XIX. Правительница Анна Леопольдовна

Нет ничего более пристрастного и одностороннего, чем отзывы современников об исторических личностях, на какой бы высоте они ни стояли; и чем выше положение, занимаемое этими личностями, тем отзывы о них пристрастнее: один возводит такую личность на недосягаемую высоту, другой низводит ее ниже действительного уровня; оба силятся рельефнее отразить ее в своем описательном рефракторе – и оба говорят, каждый со своей точки зрения, и правду, и неправду, и там, где один рисует, по-видимому, схожий портрет личности, другой его искажает.

Для биографа последующих времен современники описываемой личности являются Сциллой и Харибдой, и биограф с помощью самой осмотрительной критики должен отделять истину от лжи, ощупывая главным образом больные места в сказаниях современников.

Таковы отзывы этих последних о женской личности, по одним – светлым метеором пролетевшей после тяжелой бироновщины, по другим – бесцветно отсидевшей у трона и колыбельки своего сына малютки-императора и затем так же бесцветно дожившей свои молодые годы в Холмогорах.

«Дочь герцогини мекленбургской, – говорит о ней леди Рондо, – взята императрицей вместо родной дочери; ее зовут теперь принцессой Анной; она девушка посредственной наружности, очень робка от природы, и нельзя еще сказать, что из нее будет».

В другом месте эта же современница говорит: «Принцесса Анна, на которую смотрят как на наследную принцессу, теперь уже находится в таком возрасте, что могла бы заявить себя чем-нибудь, тем более что ее воспитывают с такою заботою; но в ней нет ни красоты, ни грации, и ум ее не выказал еще ни одного блестящего качества.

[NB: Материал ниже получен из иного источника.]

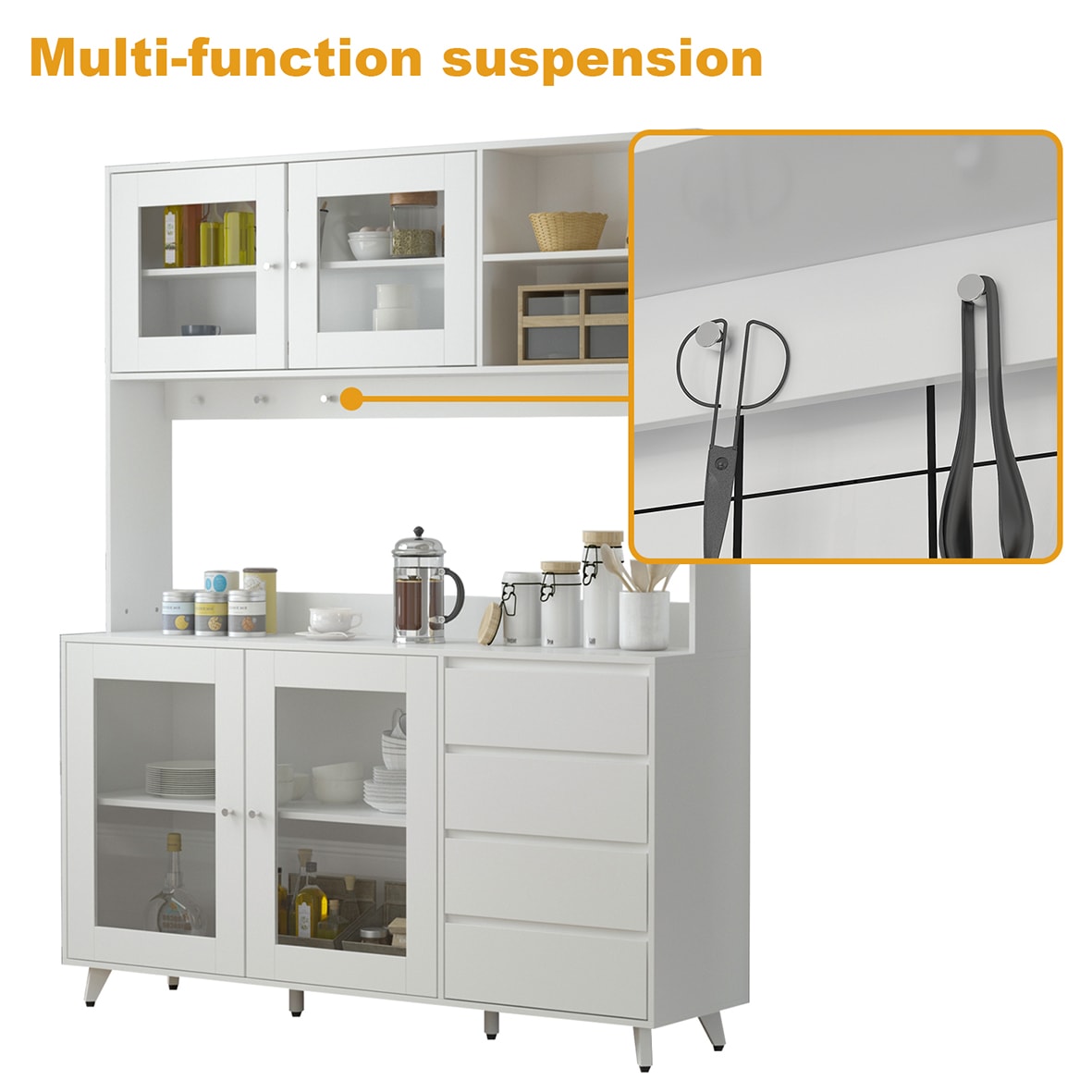 1 Set Kitchen Storage Cabinet, Kitchen Shelf, Multifunctional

Она держит себя очень степенно, говорит мало и никогда не смеется, что мне кажется неестественным в такой молодой особе и происходит, по моему мнению, скорее от тупости, нежели от рассудительности. Все сказанное мною должно остаться между нами; вы, конечно, не знаете, что за готовность мою удовлетворить вашему любопытству меня могут повесить».

Но, делая этот нелестный для молодой девушки отзыв, хитрая англичанка и придворная очень хорошо знала, что ее не повесят, а, напротив, будут довольны ею, если письмо ее будет «перлюстровано» Бироном.

Напротив, граф Миних-сын, облагодетельствованный впоследствии этою самою девушкою, совершенно иные краски кладет на ее портрет.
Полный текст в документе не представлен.